| Task prompt |
Without any pictures, print the lines below from the one that has "You also have" through the one that has "So that's how", exactly and nothing else.

| Data to use |
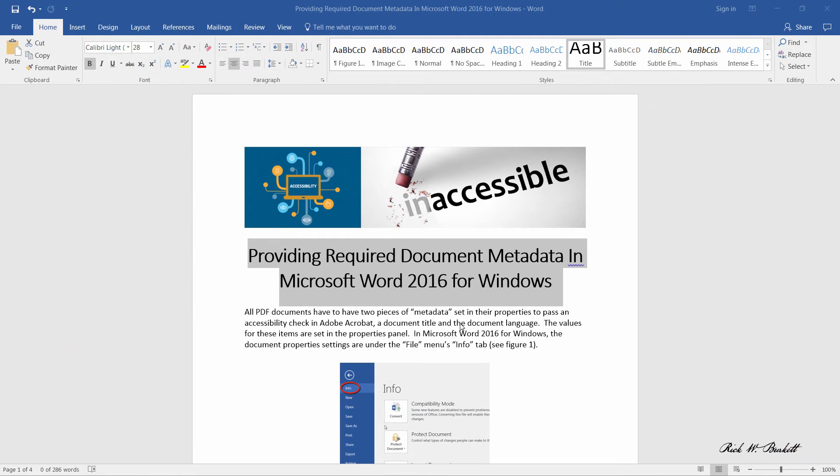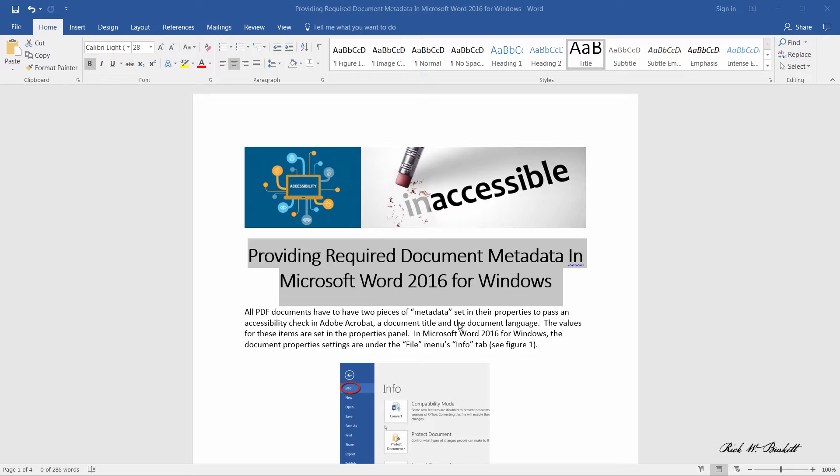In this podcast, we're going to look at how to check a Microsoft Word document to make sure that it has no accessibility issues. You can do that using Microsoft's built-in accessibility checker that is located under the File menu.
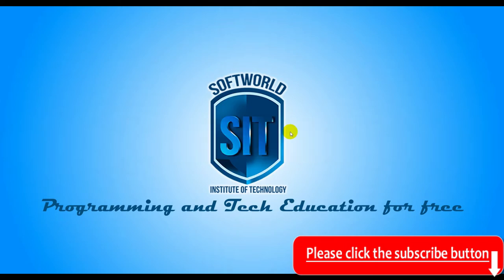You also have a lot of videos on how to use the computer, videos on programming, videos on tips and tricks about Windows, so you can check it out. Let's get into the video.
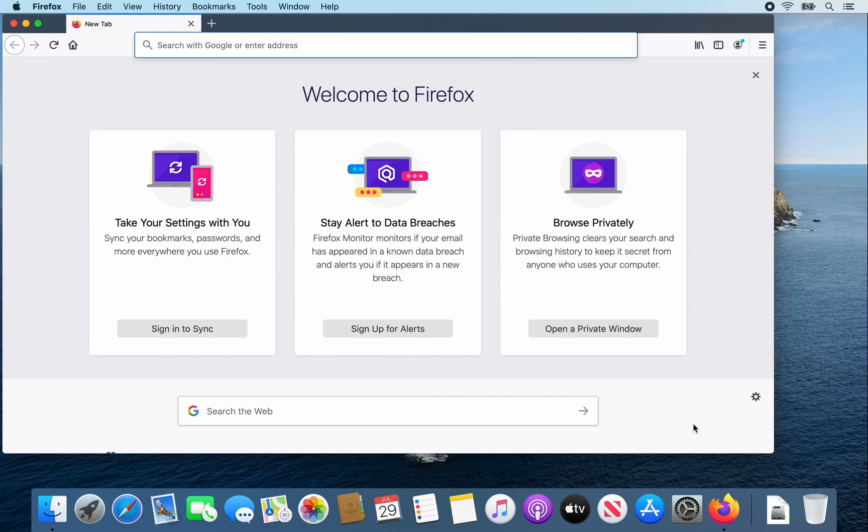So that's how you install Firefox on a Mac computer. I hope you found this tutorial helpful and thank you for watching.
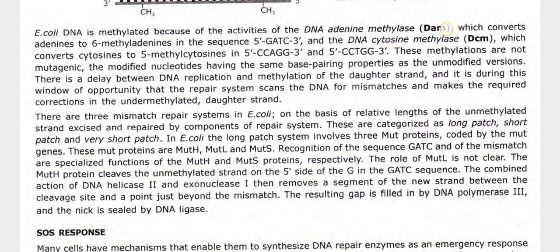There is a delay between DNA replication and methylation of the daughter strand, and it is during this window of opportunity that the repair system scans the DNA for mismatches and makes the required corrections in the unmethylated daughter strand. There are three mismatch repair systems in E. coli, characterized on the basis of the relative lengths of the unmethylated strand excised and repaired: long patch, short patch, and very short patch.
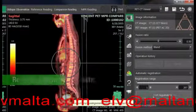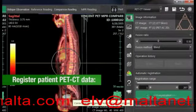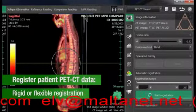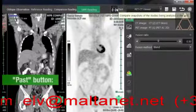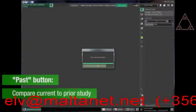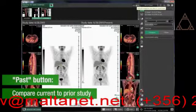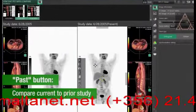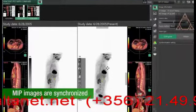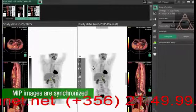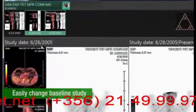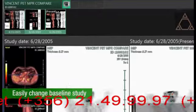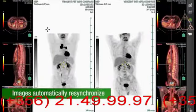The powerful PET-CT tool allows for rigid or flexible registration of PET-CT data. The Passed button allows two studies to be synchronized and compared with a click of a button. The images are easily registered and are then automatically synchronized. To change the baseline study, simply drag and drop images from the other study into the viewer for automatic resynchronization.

--

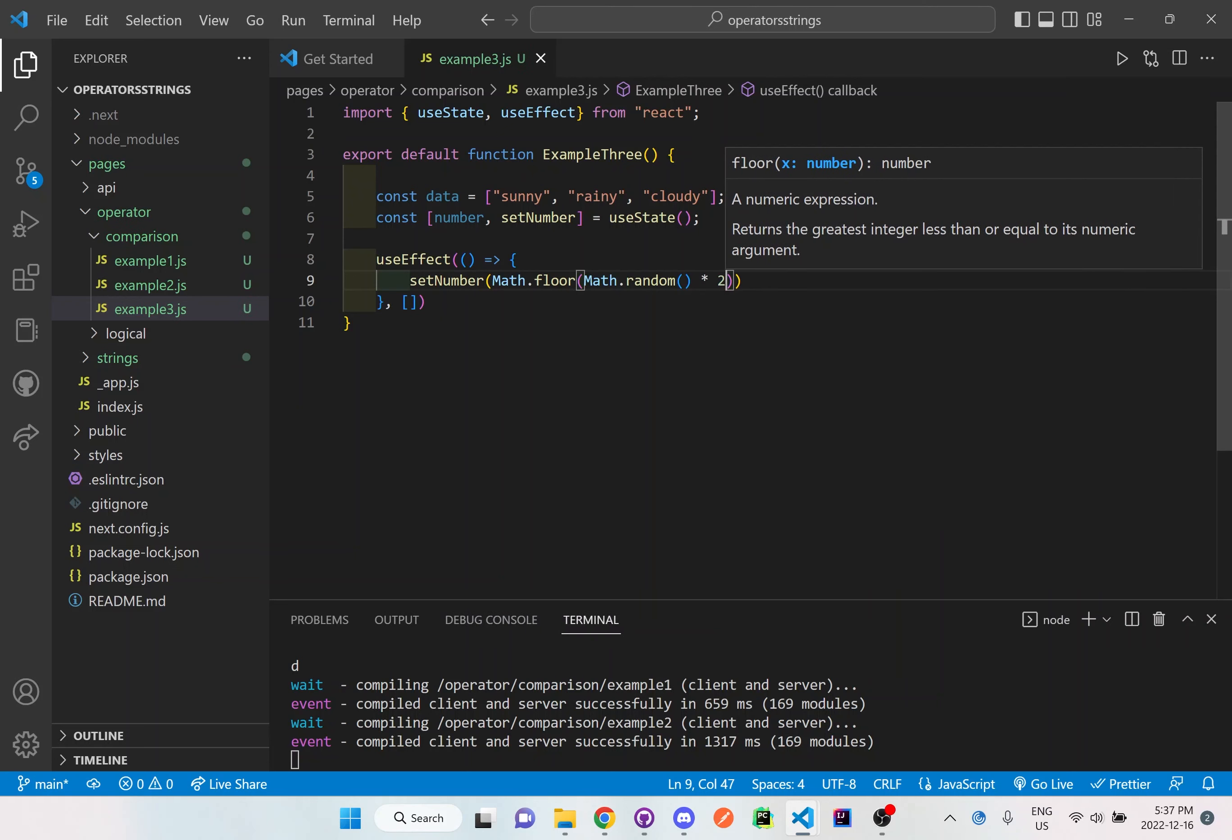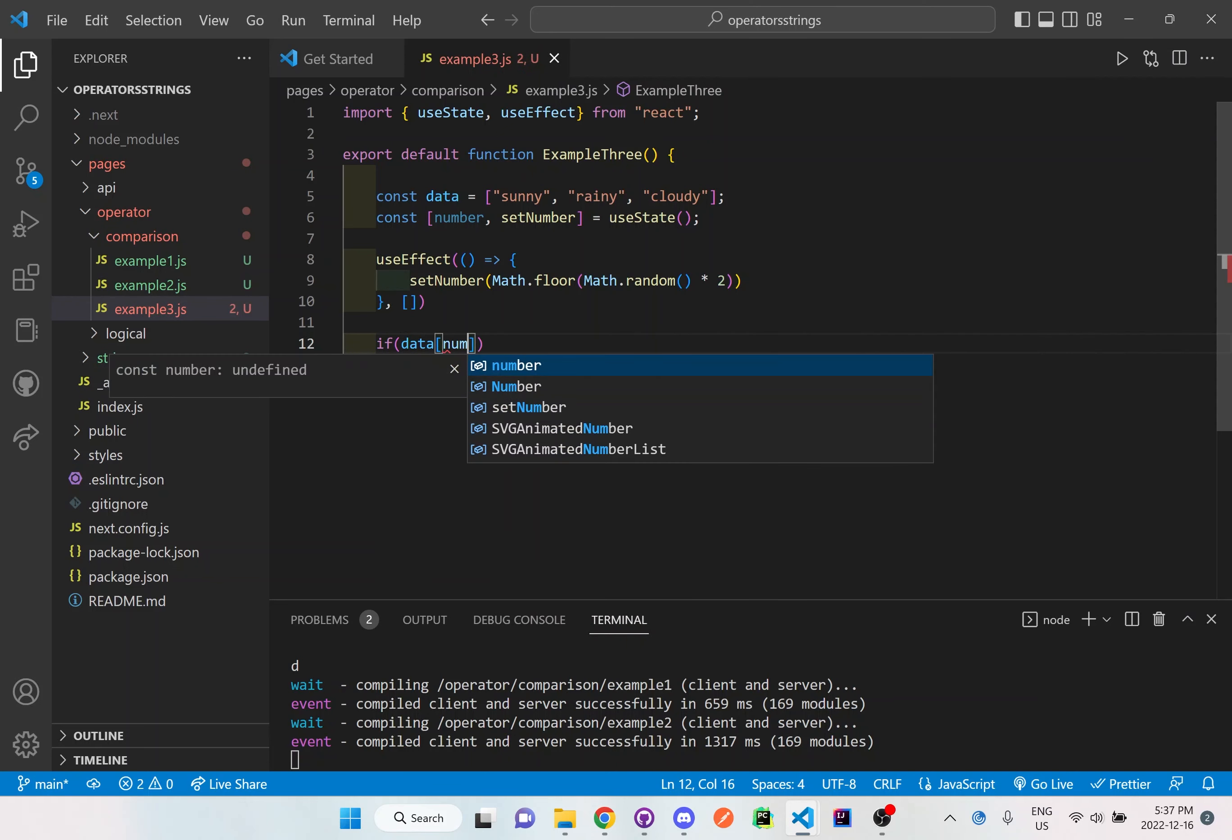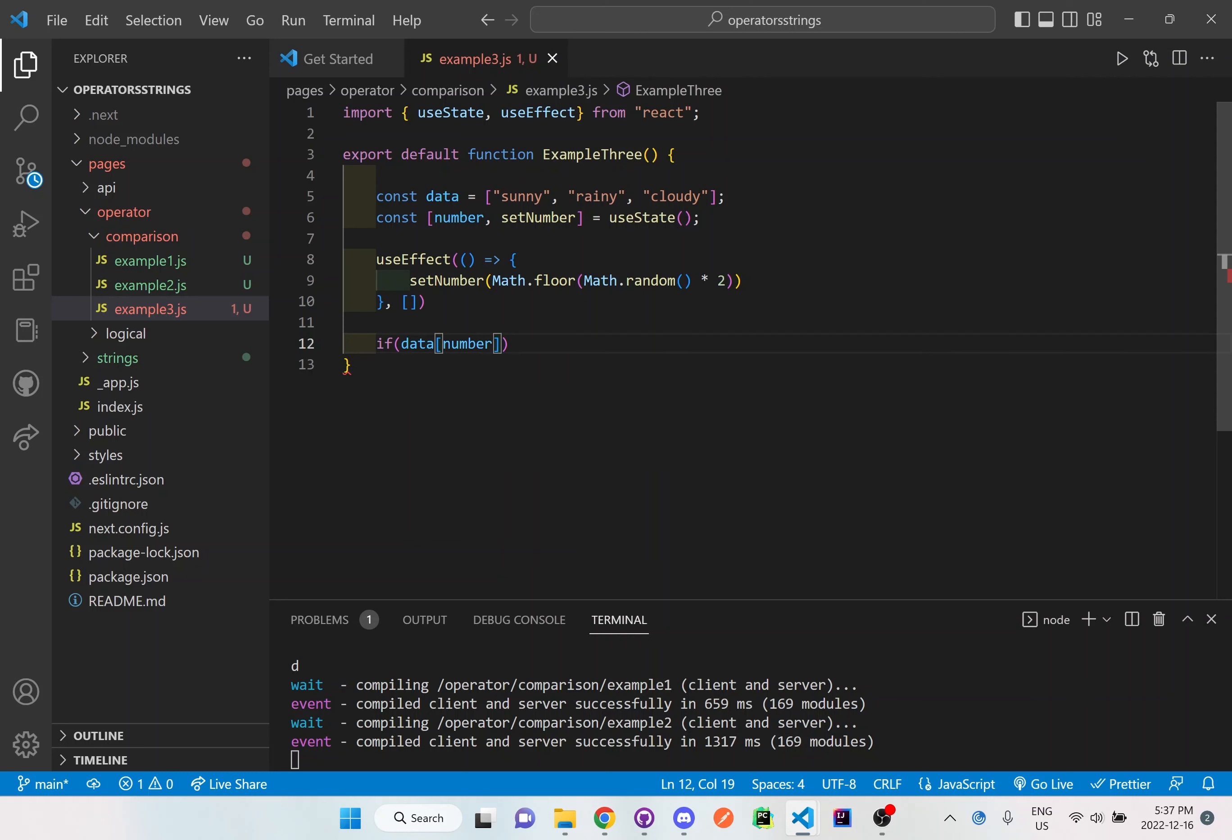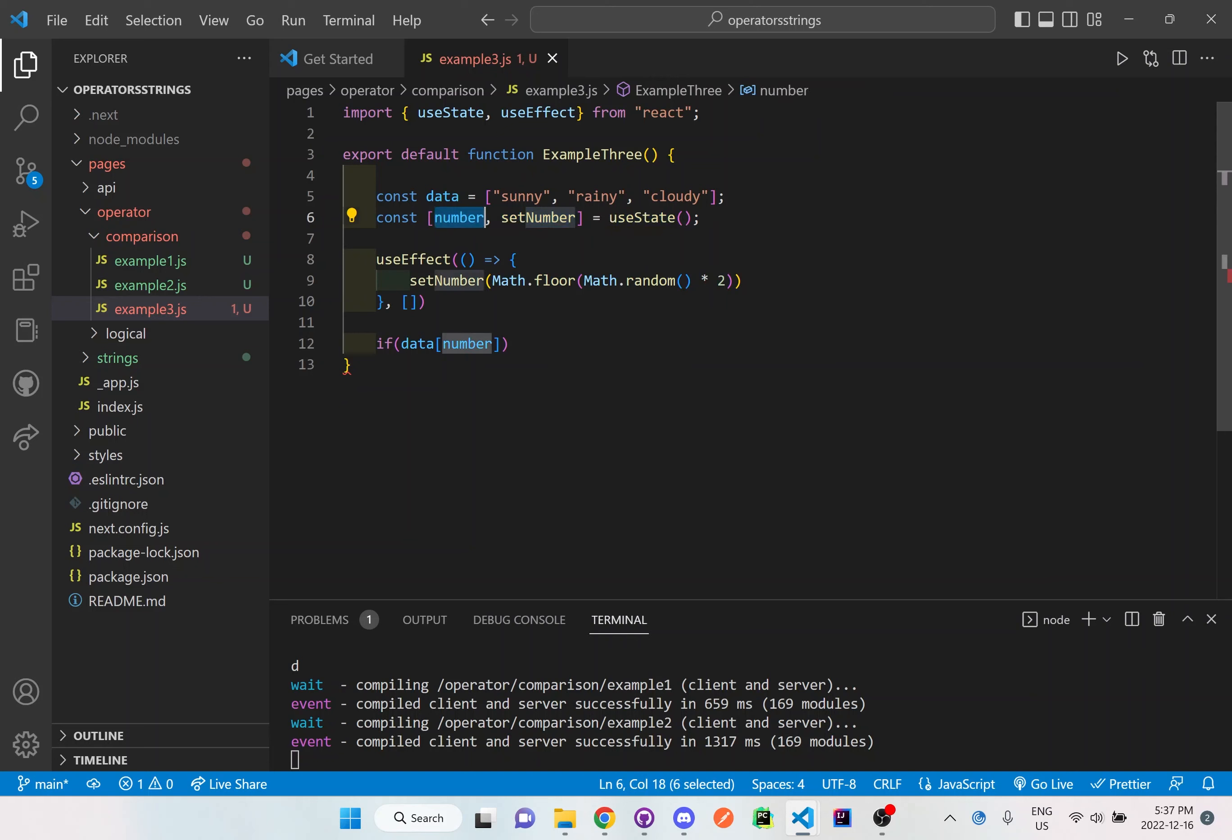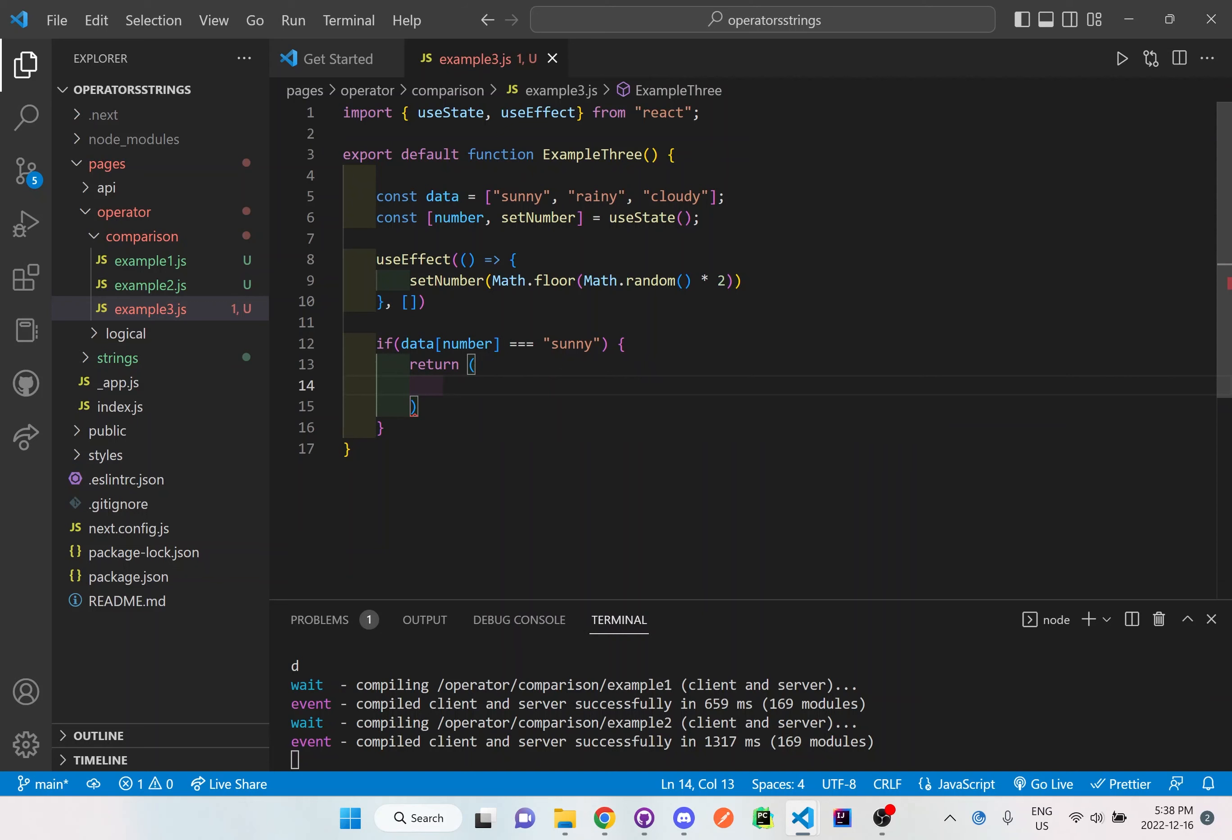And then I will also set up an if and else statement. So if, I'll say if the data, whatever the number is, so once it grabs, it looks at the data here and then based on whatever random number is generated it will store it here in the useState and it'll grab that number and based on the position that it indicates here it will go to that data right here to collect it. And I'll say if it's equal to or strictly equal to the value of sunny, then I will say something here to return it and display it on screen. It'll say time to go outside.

==

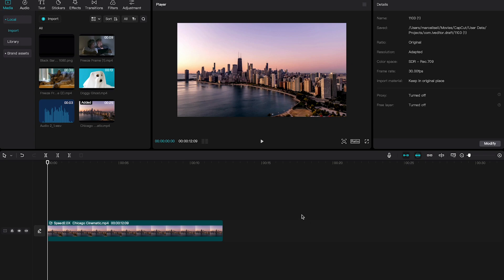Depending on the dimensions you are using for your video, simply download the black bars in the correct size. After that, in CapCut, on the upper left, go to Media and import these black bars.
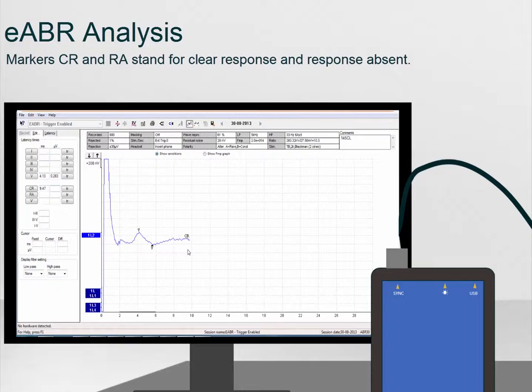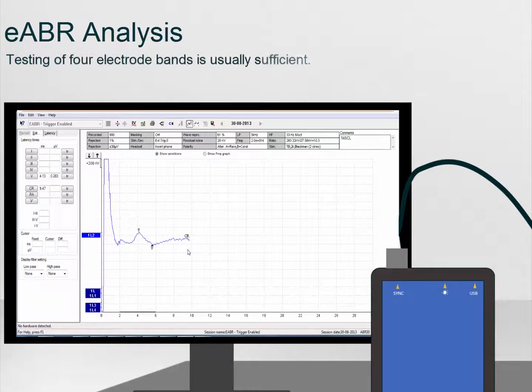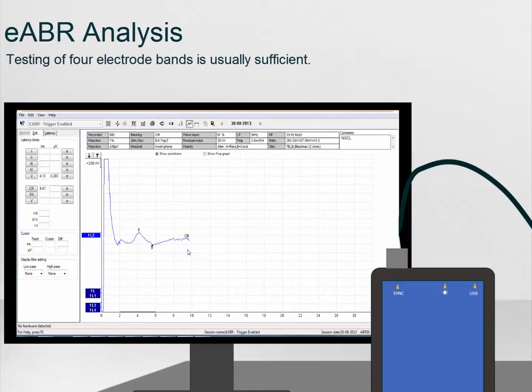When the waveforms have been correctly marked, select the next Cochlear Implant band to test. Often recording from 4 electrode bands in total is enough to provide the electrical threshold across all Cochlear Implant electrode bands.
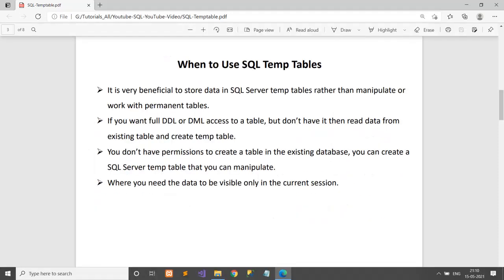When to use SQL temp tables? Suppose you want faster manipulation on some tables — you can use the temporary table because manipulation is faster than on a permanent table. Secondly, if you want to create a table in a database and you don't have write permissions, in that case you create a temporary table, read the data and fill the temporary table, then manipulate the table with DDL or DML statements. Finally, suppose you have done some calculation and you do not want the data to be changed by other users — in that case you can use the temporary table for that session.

| Answer section |
You also have a lot of videos on how to use the computer, videos on programming, videos on tips and tricks about Windows, so you can check it out. Let's get into the video.
So that's how you install Firefox on a Mac computer. I hope you found this tutorial helpful and thank you for watching.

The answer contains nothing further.